- _Work order_: Transcribe only the lines in the data below falling between the line with "Crenshaw Cropped hoodie" and the line with "卵圆孔未闭和继发性卒中的预防指南", including those two lines, and leave out any picture.

- _Extracted entries_:
•••••

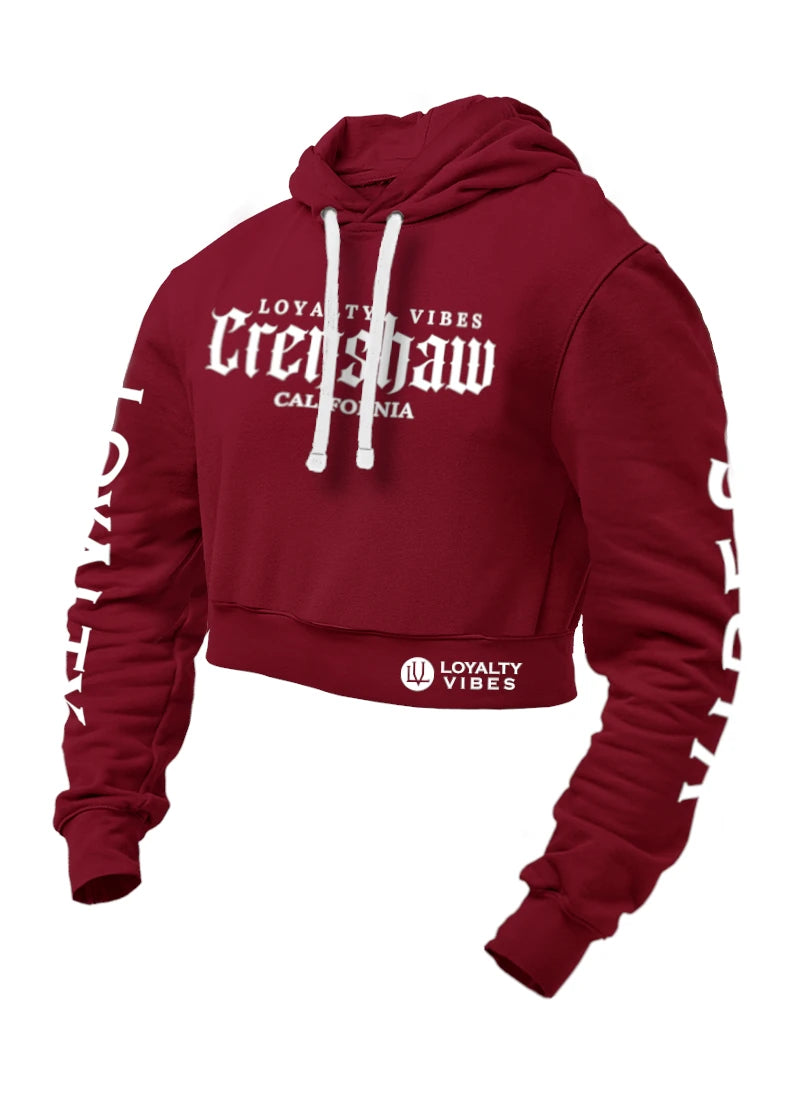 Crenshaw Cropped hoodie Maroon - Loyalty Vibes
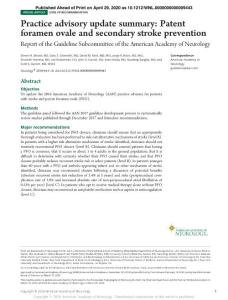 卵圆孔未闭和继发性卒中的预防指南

•••••

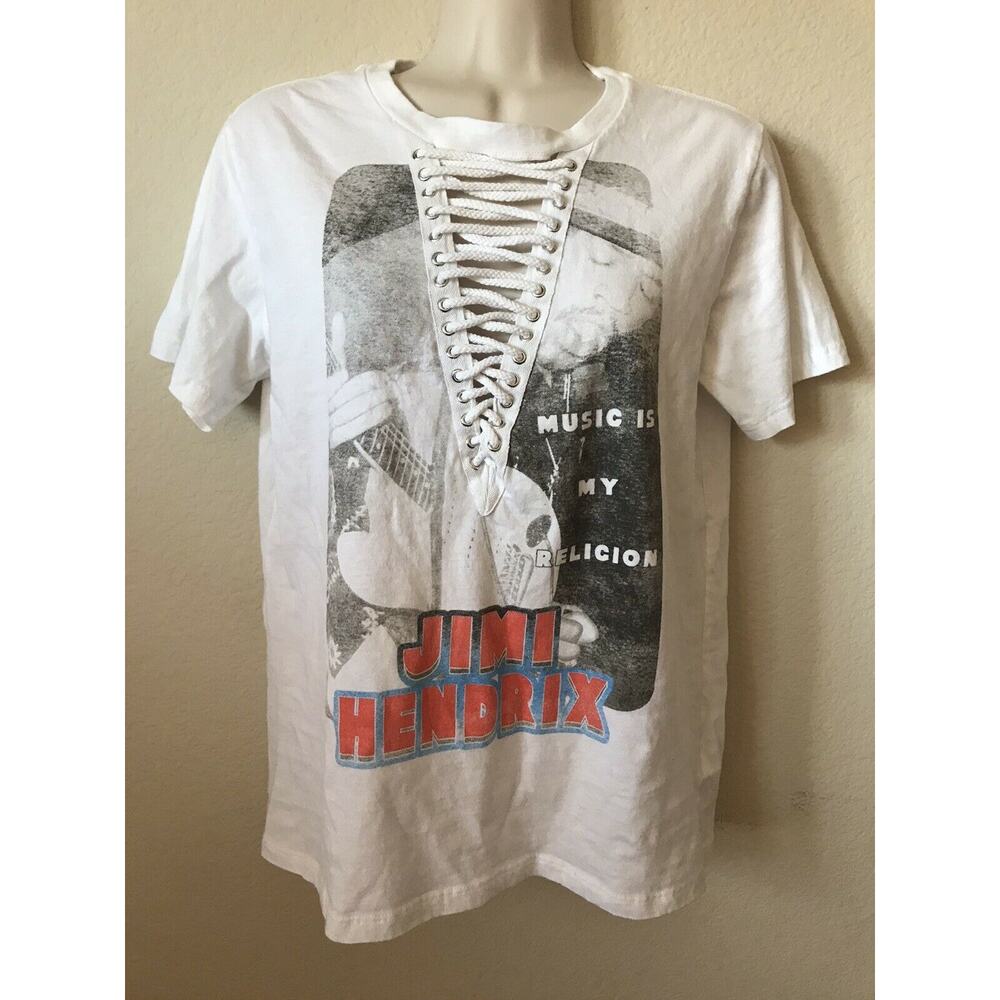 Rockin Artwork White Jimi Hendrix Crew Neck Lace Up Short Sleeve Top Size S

•••••

- _Task answer_:
 Crenshaw Cropped hoodie Maroon - Loyalty Vibes
 卵圆孔未闭和继发性卒中的预防指南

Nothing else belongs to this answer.